### WHAT IS NEEDED
Because the pictures are not wanted, reproduce the rest of the records below exactly as they stand.

### DATA SECTION
:::::

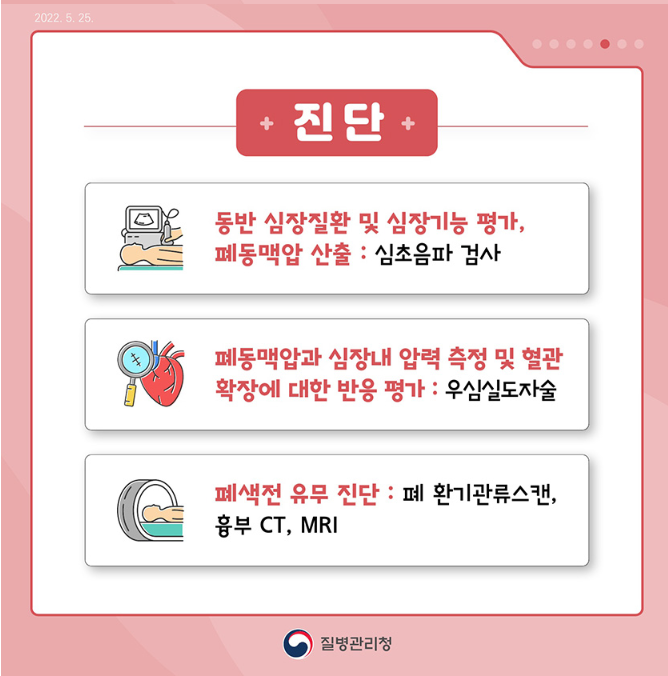 진단 방법을 알려주는 인포그래픽 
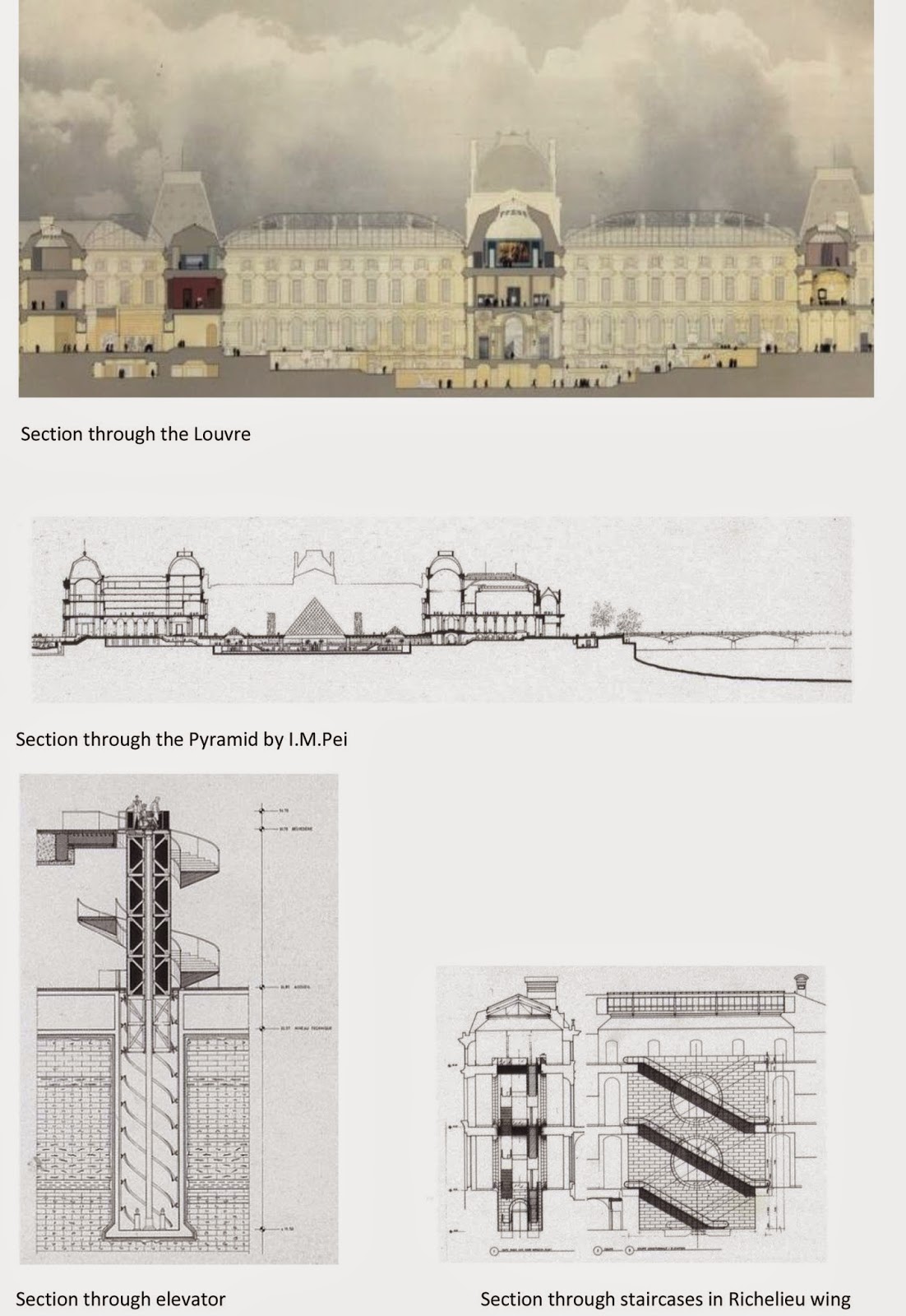 Case Studies on Museums LOUVRE EXTENSION I. M. Pei 342,358
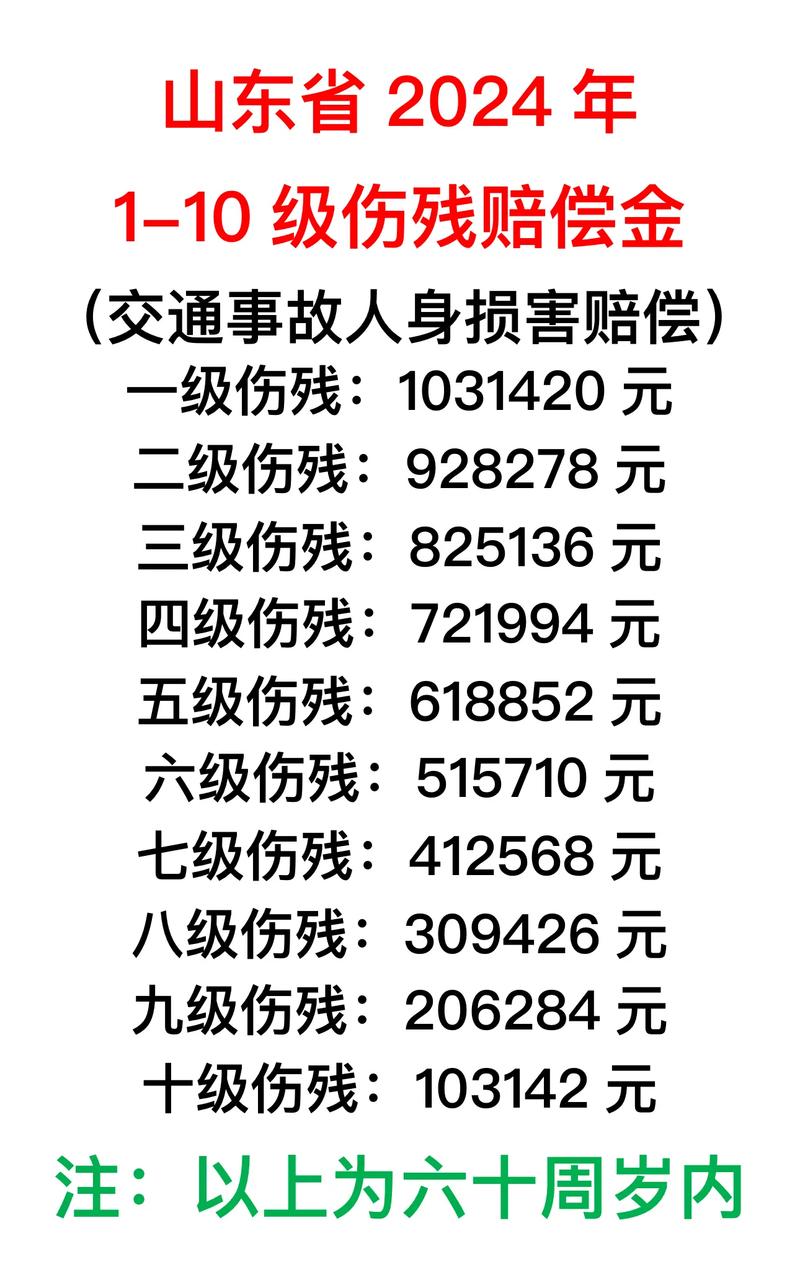 交通事故10级伤残赔偿标准全解析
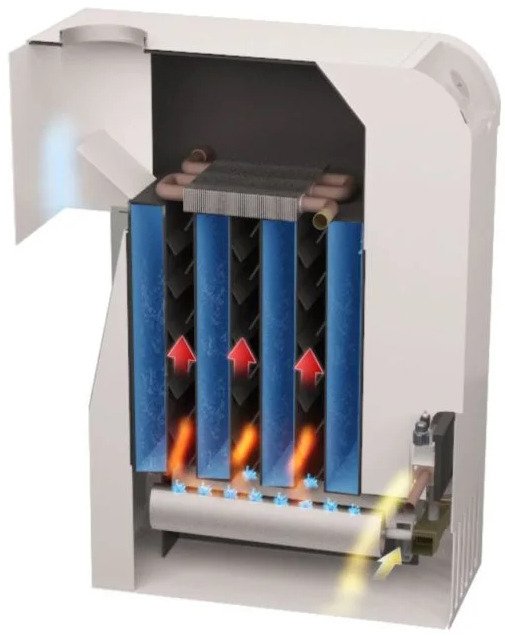 Напольный газовый котел MORA-TOP SA20G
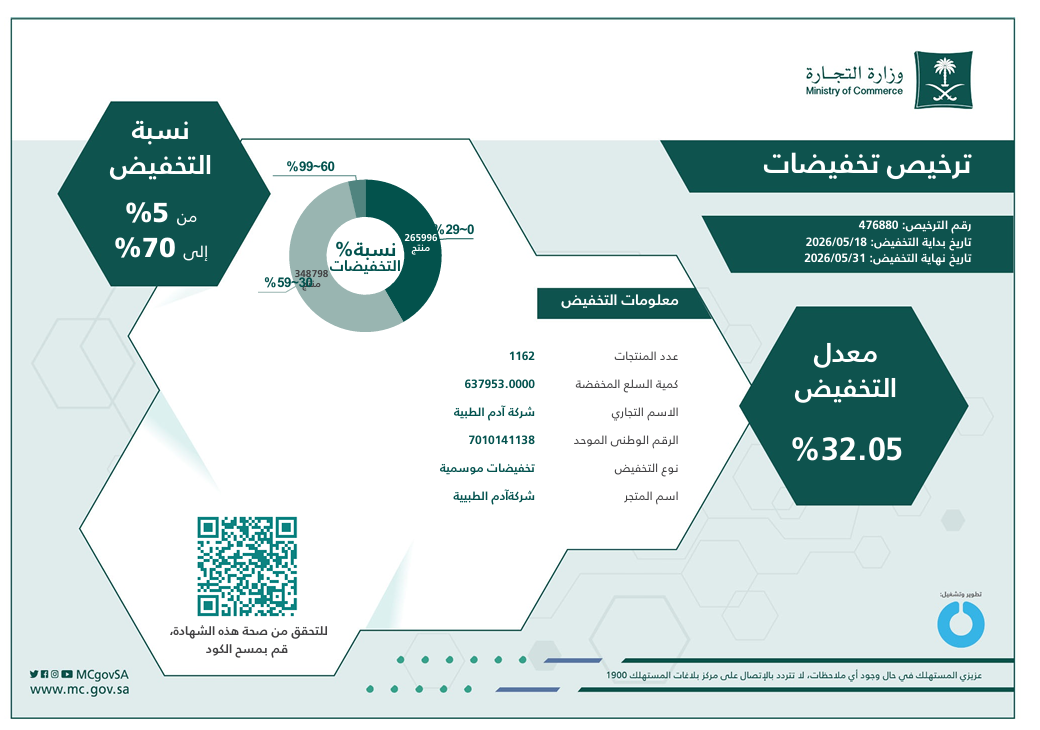 صيدلية ادم اونلاين
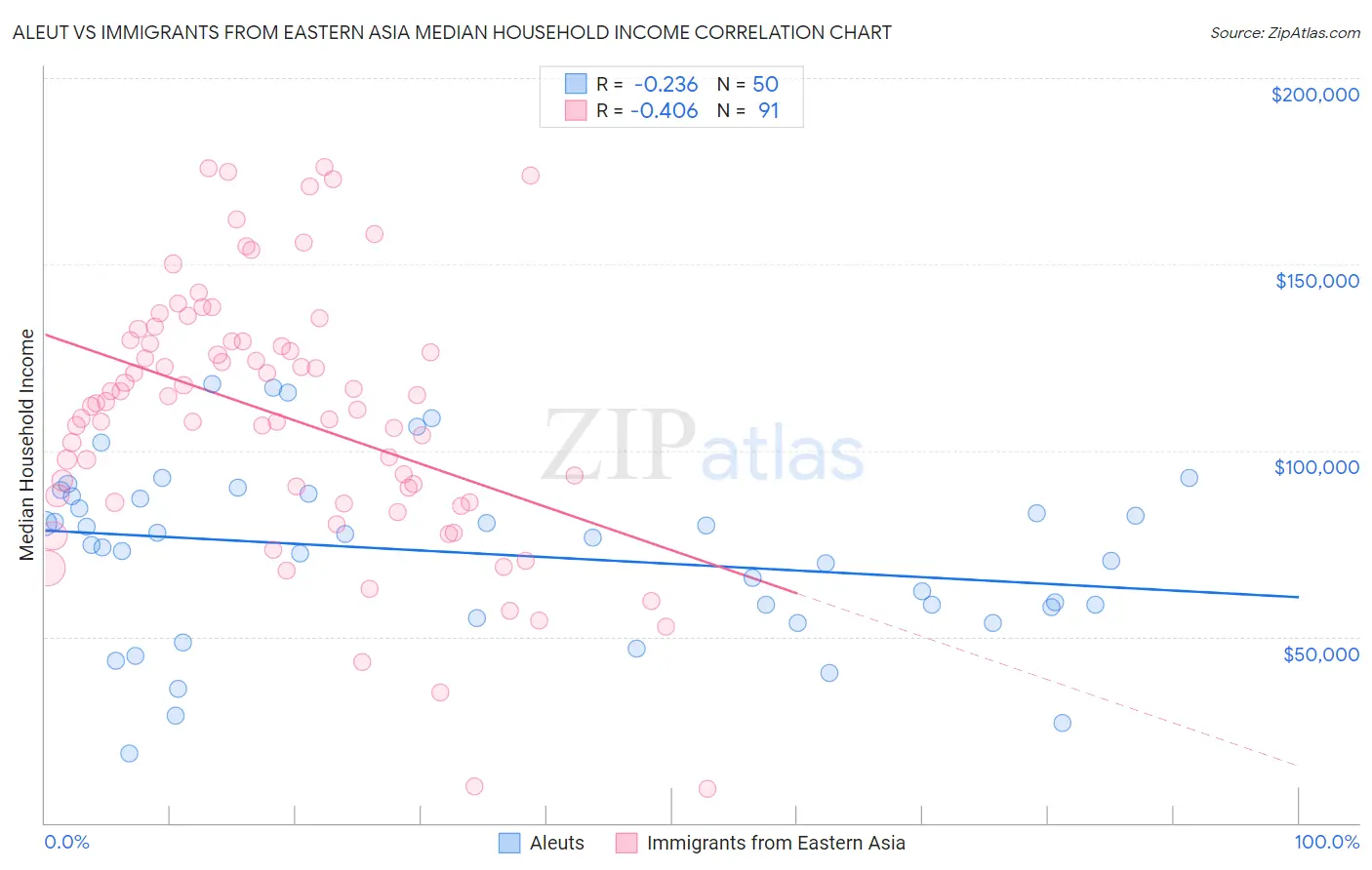 Aleut vs Immigrants from Eastern Asia Median Household Income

:::::

### OUTPUT
 진단 방법을 알려주는 인포그래픽 
 Case Studies on Museums LOUVRE EXTENSION I. M. Pei 342,358
 交通事故10级伤残赔偿标准全解析
 Напольный газовый котел MORA-TOP SA20G
 صيدلية ادم اونلاين
 Aleut vs Immigrants from Eastern Asia Median Household Income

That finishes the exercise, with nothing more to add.